UCLA still has three out of four players from its stellar 2012 recruiting class, which is why the team manages to be ranked in the preseason Top 25 despite losing its best offensive contributor and starting at ground zero with a new coach.
Fortunately, Jordan Adams, the Bruins’ best all-around player for the 2012-13 season, has bounced back nicely from a broken metatarsal he sustained in his foot in the Bruins’ Pac-12 tournament semifinal against Arizona last season.
While his shooting in UCLA’s two exhibition games was rusty, he nevertheless managed to score a combined 41 points while foreshadowing another great season on defense with six steals.
Out of the sophomore trio, the Bruins don’t need to worry about Adams. They do, however, need to keep a close eye on the development of center Tony Parker and guard-forward Kyle Anderson.
Due to several impressive individual performances in his freshman season, Anderson was elected to the Pac-12 All-Freshman team, but there is still plenty of room for improvement for the 6’9” New Jersey native.
Although he’s a versatile scorer (2012: 9.7 PTS), resourceful rebounder (2012: 8.6 REB) and nifty passer (2012: 3.5 AST), he needs to work on his decision-making and his defense in order to become a fuller player.
Coach Steve Alford is expected to start Anderson at point guard to begin the season, which means Anderson will have to mature rapidly as a player if the Bruins are to have success.
Sophomore No. 2 who is in need of development—if not a drastic turnaround—is Tony Parker.

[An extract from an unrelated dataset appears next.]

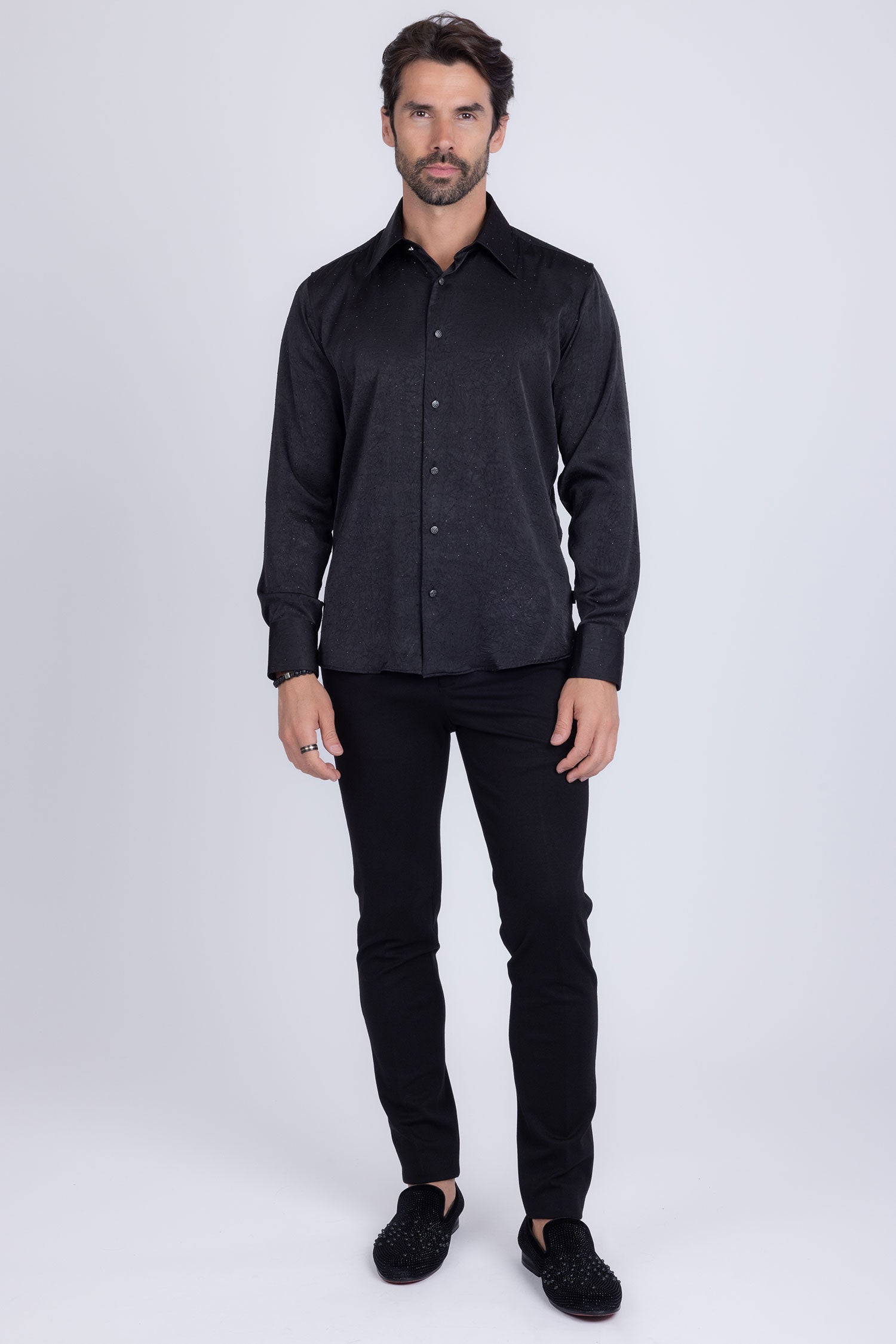 Barabas Men's Rhinestones Textured Long Sleeve Shirts 5B12 Black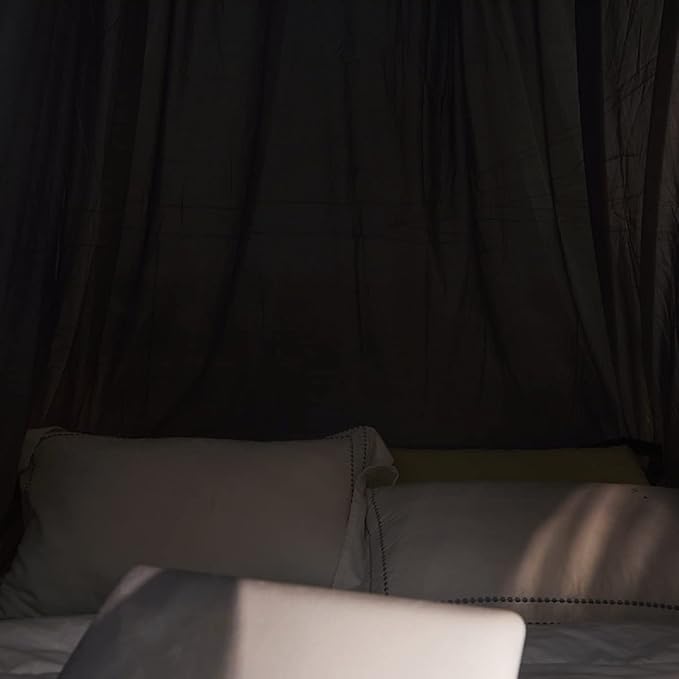 Kertnic Luxurious Bed Canopy for Girls & Adults - Double Layer Princess Canopy with Lace, Round Dome Mosquito Netting for Queen/King Bed Tent (New Gray)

Under Ben Howland last season, Parker rarely played due to constantly getting himself into foul trouble, fouling out in seven minutes played in his last game as a freshman.
That all has to change this season, as the Bruins will need a strong, dependable inside presence in order to have any success this season.
So far, it seems as though Parker is taking the challenge seriously, evidenced by his determination to drop 20 pounds to become more agile in his sophomore season.